Please reproduce, exactly and in full, the lines running from the one that contains "Sanat Cafe Pasta Evi - Mardin" to the end of the entries.

DATA TO USE: Begin

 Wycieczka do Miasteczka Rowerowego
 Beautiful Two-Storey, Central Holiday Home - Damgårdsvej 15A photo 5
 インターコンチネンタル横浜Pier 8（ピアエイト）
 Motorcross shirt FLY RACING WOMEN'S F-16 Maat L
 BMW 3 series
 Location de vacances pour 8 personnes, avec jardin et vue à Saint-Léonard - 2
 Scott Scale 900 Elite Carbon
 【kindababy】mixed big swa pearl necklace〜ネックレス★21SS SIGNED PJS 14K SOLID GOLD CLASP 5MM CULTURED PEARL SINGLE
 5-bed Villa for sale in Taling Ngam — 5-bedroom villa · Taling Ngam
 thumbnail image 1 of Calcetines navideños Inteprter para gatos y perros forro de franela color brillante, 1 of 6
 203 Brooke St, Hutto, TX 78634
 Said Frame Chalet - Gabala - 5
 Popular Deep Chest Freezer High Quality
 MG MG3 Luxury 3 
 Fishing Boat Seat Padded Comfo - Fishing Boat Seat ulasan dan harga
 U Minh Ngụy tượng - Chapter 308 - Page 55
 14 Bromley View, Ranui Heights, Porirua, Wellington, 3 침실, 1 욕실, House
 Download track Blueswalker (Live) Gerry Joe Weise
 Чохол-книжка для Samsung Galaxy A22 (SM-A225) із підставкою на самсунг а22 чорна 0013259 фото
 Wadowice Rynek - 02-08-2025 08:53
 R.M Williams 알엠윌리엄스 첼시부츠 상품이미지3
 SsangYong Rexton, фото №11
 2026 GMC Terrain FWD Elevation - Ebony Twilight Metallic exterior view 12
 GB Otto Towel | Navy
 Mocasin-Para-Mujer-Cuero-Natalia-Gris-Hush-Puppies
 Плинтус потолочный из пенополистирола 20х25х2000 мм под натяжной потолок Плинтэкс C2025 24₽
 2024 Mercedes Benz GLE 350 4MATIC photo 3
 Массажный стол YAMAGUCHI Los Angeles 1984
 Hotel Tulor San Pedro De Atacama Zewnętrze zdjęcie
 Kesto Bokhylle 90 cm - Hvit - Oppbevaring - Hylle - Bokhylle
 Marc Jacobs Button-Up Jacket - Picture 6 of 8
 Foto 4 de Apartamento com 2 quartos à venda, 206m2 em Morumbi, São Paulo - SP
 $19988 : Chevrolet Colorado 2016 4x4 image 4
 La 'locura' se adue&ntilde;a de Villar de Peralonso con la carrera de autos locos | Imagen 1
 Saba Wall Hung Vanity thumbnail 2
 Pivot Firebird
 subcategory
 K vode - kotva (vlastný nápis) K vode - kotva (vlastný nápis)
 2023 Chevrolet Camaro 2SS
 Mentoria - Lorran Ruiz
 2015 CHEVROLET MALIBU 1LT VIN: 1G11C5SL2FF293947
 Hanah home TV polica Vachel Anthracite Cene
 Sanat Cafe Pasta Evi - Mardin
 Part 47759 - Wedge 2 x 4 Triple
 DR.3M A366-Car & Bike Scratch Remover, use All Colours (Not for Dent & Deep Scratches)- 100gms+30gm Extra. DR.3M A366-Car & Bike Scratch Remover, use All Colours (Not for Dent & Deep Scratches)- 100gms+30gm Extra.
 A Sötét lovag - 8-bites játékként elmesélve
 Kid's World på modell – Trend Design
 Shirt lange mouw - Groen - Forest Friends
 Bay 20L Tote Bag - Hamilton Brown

DATA TO USE: End

**RESPONSE BELOW**
 Sanat Cafe Pasta Evi - Mardin
 Part 47759 - Wedge 2 x 4 Triple
 DR.3M A366-Car & Bike Scratch Remover, use All Colours (Not for Dent & Deep Scratches)- 100gms+30gm Extra. DR.3M A366-Car & Bike Scratch Remover, use All Colours (Not for Dent & Deep Scratches)- 100gms+30gm Extra.
 A Sötét lovag - 8-bites játékként elmesélve
 Kid's World på modell – Trend Design
 Shirt lange mouw - Groen - Forest Friends
 Bay 20L Tote Bag - Hamilton Brown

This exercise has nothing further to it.